Lentiviral vector particles pseudotyped with HIV envelope can transduce resting CD4⁺ T cells. Pure resting CD4⁺ T cells (rCD4T) (CD25, CD69, or HLA-DR negative) (A) or CD3/CD28 bead-stimulated CD4⁺ T cells (aCD4T) (B) were spinoculated with HIVvector(HIV Env) or HIVvector(VSV-G) at a dose equivalent to ∼1 late reverse transcript per cell, as estimated in stimulated CD4⁺ T cells. At the indicated time points postinoculation, integration was measured by Alu PCR. The graphs represent a combination of two experiments. Undetectable levels of integration were plotted directly on the x axis without error bars. Error bars represent the standard deviation of four to five combined measurements of integration. (C) Two different dilutions of HIVvector(HIV Env) were used to inoculate pure resting CD4⁺ T cells (rCD4T). The envelope of the HIV isolate LAI was used to pseudotype HIVvector particles. Integration was measured at 48 h postinfection by Alu PCR. The graph represents a combination of two (1:35 dilution) or three (1:7 dilution) experiments.
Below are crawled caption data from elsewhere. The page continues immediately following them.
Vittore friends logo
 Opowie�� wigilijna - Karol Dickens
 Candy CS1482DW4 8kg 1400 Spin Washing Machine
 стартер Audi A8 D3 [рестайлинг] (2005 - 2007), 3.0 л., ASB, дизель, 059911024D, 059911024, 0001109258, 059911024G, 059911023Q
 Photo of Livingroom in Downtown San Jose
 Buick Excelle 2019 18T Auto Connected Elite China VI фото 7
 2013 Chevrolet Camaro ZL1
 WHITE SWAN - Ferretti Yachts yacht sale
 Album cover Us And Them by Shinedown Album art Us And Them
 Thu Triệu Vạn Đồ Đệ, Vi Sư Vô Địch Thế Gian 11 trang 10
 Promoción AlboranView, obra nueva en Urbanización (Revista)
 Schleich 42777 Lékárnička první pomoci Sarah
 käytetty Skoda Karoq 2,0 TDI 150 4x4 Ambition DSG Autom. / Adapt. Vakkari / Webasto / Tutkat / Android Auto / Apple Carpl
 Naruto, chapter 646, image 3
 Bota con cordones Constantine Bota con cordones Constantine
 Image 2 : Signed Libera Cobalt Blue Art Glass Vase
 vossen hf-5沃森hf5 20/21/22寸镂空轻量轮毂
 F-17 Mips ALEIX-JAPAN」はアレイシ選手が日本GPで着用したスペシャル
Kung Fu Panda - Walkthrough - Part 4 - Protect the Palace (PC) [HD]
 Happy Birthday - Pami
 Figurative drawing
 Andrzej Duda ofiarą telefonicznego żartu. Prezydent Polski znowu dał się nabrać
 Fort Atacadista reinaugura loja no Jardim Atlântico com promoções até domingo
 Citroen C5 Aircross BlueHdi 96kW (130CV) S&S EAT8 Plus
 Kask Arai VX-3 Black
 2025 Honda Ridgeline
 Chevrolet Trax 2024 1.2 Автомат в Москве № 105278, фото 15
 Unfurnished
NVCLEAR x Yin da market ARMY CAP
Error bars represent the standard deviation of 5 (1:35 dilution) to 19 (1:7 dilution) combined measurements of integration.

FIG. 7.

Viral particles pseudotyped with HIV envelope do not induce expression of activation markers or cell cycle entry in resting CD4⁺ T cells. (A) Mock-infected or HIVvector(HIV Env)-infected pure resting CD4⁺ T cells (at ∼1 to 3 SST per cell in activated CD4⁺ T cells) were stained for CD4 and the cell activation markers CD25, CD69, and HLA-DR at various time points postinoculation. The gates for each time point were set using a fluorescence-minus-one control corresponding to each time point, similar to the method used for the experiment shown in Fig. 1A. (B) Mock-infected or HIVvector(HIV Env)-infected pure resting CD4⁺ T cells (at ∼1 to 3 SST per cell in activated CD4⁺ T cells) were stained with pyronin Y and 7-AAD to monitor cell cycle progression at 0, 4, and 24 h postinfection. The gates described in the legend of Fig. 1B were applied to establish the cell cycle stage.